Set down each entry below exactly as written, keeping the pictures out.
-- Stored data follows --
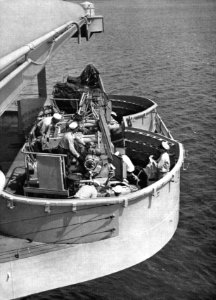 Aft 40 mm Bofors on USS Princeton (CV-37) in 1950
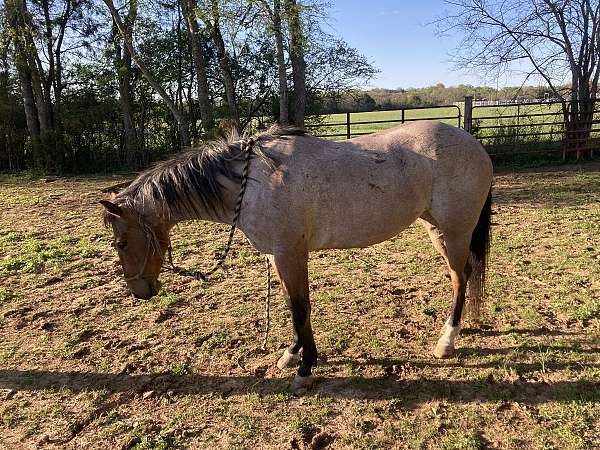 broodmare-quarter-horse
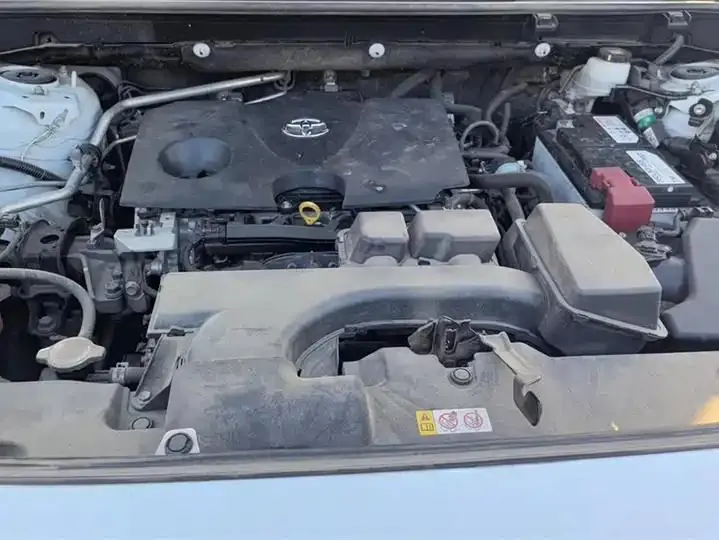 RAV4 RongFang 2023 2.0L CVT Two-Drive Urban Edition 10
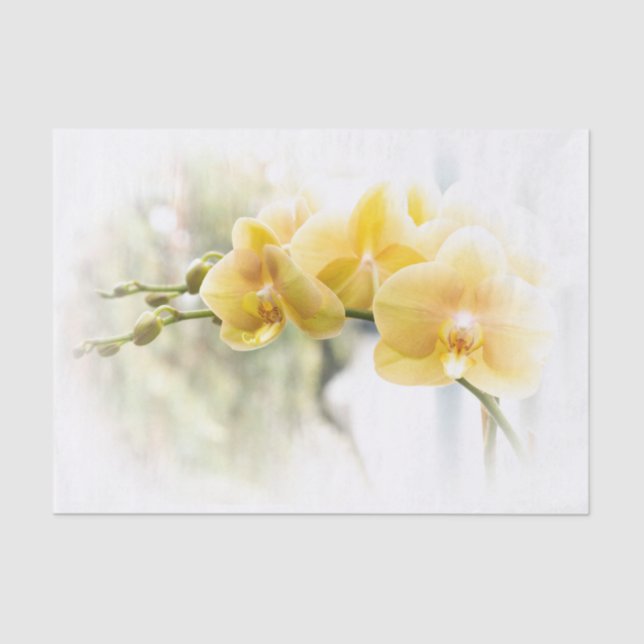 Yellow Moth Orchid in Sunshine Tissue Paper (Front)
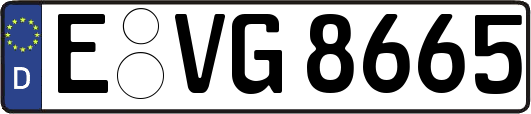 E-VG8665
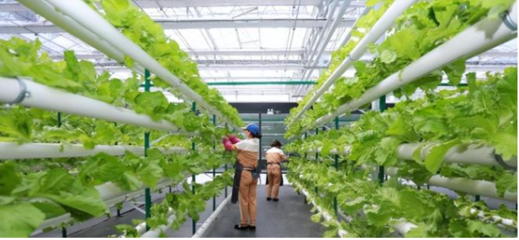 農(nóng)致富,一家以科技創(chuàng)新為驅(qū)動力的農(nóng)業(yè)科技公司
-- Stored data concluded --
Response to the exercise.
 Aft 40 mm Bofors on USS Princeton (CV-37) in 1950
 broodmare-quarter-horse
 RAV4 RongFang 2023 2.0L CVT Two-Drive Urban Edition 10
 Yellow Moth Orchid in Sunshine Tissue Paper (Front)
 E-VG8665
 農(nóng)致富,一家以科技創(chuàng)新為驅(qū)動力的農(nóng)業(yè)科技公司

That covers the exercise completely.